My Iphone 4 was stolen some weeks back (and my wallet yesterday  ) and Lloyds TSB Mobile Phone Insurance have accepted my claim. They said that they will be ordering me a new Iphone 4, to be sent to my sisters address in the UK, within 3 working days by Royal Mail Special delivery 

Now I want to figure out a safe way of getting it to me here in Egypt -I am gonna have it delivered to my University, rather then my home address in Alex, mainly because I don't know/have an address! 

I am thinking DHL, as I want to get a door to door service, I dont/cannot trust normal mail especially on the Egyptian side. Has anyone used a courier service and can anyone recommend one?

Thank you


----------



## MaidenScotland (Jun 6, 2009)

ArabianNights said:


> Hi All,
> 
> My Iphone 4 was stolen some weeks back (and my wallet yesterday  ) and Lloyds TSB Mobile Phone Insurance have accepted my claim. They said that they will be ordering me a new Iphone 4, to be sent to my sisters address in the UK, within 3 working days by Royal Mail Special delivery
> 
> ...



DHL is your best bet.. used them often and no problems


----------



## canuck2010 (Jan 13, 2010)

DHL, FedEx, UPS they are all good.
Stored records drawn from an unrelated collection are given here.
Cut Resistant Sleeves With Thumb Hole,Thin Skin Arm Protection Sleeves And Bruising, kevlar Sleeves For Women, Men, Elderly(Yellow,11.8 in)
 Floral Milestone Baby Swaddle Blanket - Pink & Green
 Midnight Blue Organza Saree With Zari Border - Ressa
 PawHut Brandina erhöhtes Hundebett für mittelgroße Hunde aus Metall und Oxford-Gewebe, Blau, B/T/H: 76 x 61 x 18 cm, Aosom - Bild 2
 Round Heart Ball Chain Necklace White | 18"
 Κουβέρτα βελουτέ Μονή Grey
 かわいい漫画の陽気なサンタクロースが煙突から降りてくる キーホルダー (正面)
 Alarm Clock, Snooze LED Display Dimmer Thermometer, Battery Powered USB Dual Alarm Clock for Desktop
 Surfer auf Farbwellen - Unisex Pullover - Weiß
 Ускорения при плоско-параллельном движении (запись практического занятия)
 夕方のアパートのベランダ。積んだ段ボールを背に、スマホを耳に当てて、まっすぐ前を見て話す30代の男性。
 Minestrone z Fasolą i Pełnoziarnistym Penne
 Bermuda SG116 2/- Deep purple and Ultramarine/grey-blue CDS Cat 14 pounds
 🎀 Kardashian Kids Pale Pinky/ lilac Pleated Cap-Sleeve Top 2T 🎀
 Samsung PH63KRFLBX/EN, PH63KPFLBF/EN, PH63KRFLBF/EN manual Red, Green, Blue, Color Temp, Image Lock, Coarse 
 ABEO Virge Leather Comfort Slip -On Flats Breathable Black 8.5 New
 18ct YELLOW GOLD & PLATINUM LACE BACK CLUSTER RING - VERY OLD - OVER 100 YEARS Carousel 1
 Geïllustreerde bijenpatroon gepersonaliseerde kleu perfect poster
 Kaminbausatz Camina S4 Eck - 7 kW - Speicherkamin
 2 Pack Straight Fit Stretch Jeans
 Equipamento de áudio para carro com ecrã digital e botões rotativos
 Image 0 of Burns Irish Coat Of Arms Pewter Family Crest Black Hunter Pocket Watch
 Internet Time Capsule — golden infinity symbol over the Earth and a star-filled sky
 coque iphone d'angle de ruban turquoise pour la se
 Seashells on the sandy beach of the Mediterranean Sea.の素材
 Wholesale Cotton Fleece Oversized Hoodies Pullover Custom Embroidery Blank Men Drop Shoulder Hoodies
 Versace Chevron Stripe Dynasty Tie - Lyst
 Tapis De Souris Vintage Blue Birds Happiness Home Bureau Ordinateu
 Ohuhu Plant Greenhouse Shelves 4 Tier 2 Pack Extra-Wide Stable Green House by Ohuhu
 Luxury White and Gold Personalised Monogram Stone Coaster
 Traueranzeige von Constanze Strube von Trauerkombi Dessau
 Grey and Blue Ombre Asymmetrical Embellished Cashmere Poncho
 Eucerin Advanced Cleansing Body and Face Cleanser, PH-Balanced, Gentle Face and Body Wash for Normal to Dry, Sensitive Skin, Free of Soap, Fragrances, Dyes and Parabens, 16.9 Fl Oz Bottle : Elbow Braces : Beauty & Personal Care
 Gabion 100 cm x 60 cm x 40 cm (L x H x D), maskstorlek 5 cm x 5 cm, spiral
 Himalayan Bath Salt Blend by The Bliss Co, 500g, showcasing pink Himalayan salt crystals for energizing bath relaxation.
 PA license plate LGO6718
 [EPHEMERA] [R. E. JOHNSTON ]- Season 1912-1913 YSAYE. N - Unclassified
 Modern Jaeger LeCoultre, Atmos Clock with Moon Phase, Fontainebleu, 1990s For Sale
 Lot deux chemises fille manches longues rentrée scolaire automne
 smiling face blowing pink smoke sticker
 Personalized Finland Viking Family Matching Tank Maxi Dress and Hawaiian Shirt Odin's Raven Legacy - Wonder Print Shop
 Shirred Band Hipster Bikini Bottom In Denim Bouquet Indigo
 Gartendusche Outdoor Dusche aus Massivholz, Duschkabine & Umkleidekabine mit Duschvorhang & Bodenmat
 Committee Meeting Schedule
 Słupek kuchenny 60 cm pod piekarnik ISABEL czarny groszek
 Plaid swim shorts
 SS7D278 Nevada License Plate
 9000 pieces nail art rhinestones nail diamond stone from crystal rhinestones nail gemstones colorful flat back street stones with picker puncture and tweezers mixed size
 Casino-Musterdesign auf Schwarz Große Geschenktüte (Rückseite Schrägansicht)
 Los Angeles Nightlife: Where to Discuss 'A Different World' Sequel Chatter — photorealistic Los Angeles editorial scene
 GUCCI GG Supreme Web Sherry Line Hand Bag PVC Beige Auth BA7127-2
Congrats on new iPhone.


----------



## GM1 (Sep 30, 2008)

Delivered to your university? I don't know if that is a good idea? Maybe you can ask if you can pick it up yourself at the courier office. You can call the courier service office in Alex and ask if that is possible.


----------



## ArabianNights (Jul 23, 2011)

Thanks all, looks like ill probably use DHL. When I say deliver to my University - it is not to a random place, there is a special building for foreigners, its a very small centre, especially for foreigners, so its very very safe!  Many students get their mail from the UK/USA etc sent to the centre, its a solid location with a solid address.


----------